■ Nachgefragt: Das Auto ist bequemer
Das sogar international bekanntgewordene Bremer Projekt „autofreies Wohnen im Hollerland“ droht zu scheitern. Bisher können nur vier Wohnungen mit der Verpflichtung zum Verzicht auf ein eigenes Auto verkauft werden. Der Soziologe Thomas-Krämer Badoni gehört zu den Initiatoren des Projekts und begleitet es wissenschaftlich..
taz: Warum ist es so schwer, Menschen zu finden, die sich auf den Auto-Verzicht vertraglich festlegen wollen?
Thomas Krämer-Badoni: Das liegt zum einen sicher daran, daß das Automobil nach wie vor das individualisierteste und bequemste Verkehrsmittel ist. Es steht immer zu Verfügung und es entspricht den Raumstrukturen, die wir durch die Automobilisierung geschaffen haben. Arbeiten und Wohnen sind immer weiter auseinandergerückt, so daß die daraus entstandene Raumstruktur durch den ÖPNV kaum noch zu bedienen ist.

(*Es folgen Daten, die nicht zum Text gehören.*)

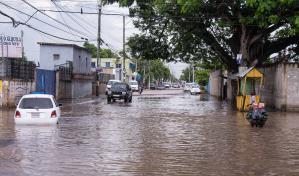 Ligeras lluvias inundan avenida Hípica en Brisas del Este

Das Projekt Autofreies Wohnen im Hollerland ging aber gar nicht davon aus, neue Leute für den Verzicht aufs Auto zu gewinnen, sondern denjenigen, die diese Entscheidung schon getroffen haben – und davon gibt es relativ viele – zu ermöglichen, die Vorteile eines autofreien Gebietes auch wirklich zu nutzen.
Und jetzt zeigt sich, daß der Autoverzicht keine Entscheidung fürs Leben ist, sondern nur eine Entscheidung für eine konkrete Zeit, auf die man sich nicht auf Dauer vertraglich festlegen will?
Es kommen sicher verschiedene Gründe zusammen. Zum einen hat der Planungsprozeß zu lange gedauert. Es ging für deutsche Verhältnisse zwar sehr schnell, aber für diejenigen, die sich vor drei Jahren ursprünglich beteiligen wollten, war es trotzdem zu lang.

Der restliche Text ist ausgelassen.